An old bus in Jonathan Creek

BEFORE — The stream bank along Jonathan Creek behind Elevated Mountain Distilling was severely eroded and held in place by a pair of buses that had been buried to provide stabilization in the ‘40s or ‘50s. The vehicles had begun to rust and atrophy, deteriorating the water quality and causing safety hazards.

The practice of burying old vehicles into banks for stabilization purposes – and, unfortunately, disposal – seems to have been “common practice” in Western North Carolina in the mid-20th century, said Jennings. Those vehicles run the gamut from cars to trucks to buses to railroad cars, and each is equally environmentally unfriendly.

“All of it is bad for stream health,” said Jennings. “And it’s also a public nuisance.”

That sound of hammering Monday morning? It came from mallets securing coir net to the rocky earth. Made from coconut fiber, coir net is biodegradable and durable, and will slow the erosion process in the coming years. Native plants and trees will be sown on top of the net to beautify the area and increase overall stream cleanliness.

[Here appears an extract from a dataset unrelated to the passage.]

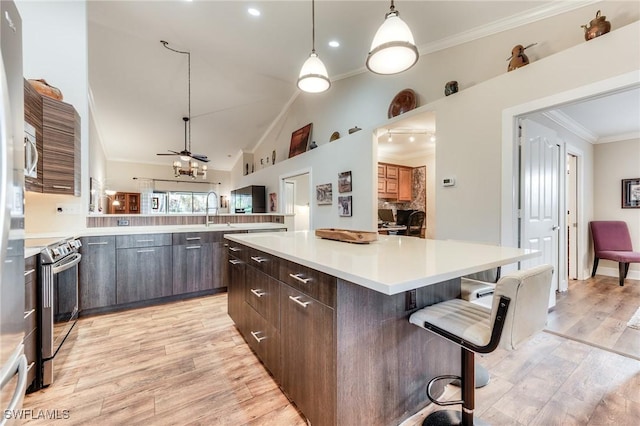 kitchen featuring ceiling fan, light countertops, light wood-style floors, crown molding, and a center island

“A healthy stream isn’t complete without healthy streamside vegetation,” said Eric Romaniszyn, executive director of Haywood Waterways. “Once grass is established, it does a great job of preventing rain from eroding land...”

Representatives from Haywood Waterways and Angel are entertaining the prospect of using the location, which includes a pavilion, to host collaborative events – perhaps even live music. There’s been talk of a get-together as early as November to celebrate the bank’s makeover and the sowing of native plants, though nothing official has been announced as of yet.

The creek bank at the completion of the restoration project

AFTER — After a week of work, the buses were removed and the erosion on the stream bank was significantly decreased. The area, which is open to the public, now provides much safer access to the water for those looking to fish or swim. Native plants will be sown in the coming months to increase stream health and beautify the bank.

“We are excited about the possibility of hosting an event here,” said Haywood Waterways project manager Caitlin Worsham. “This is a great opportunity to show the public all the hard work that has gone into making this project a reality.”

Whatever the future holds, the area’s new look will provide a relaxing escape for anybody interested in using it.

“Next year, when the grass has grown again, it’s going to be phenomenal,” said Angel. “It encourages more people to enjoy the creek, and that’s what it’s all about.”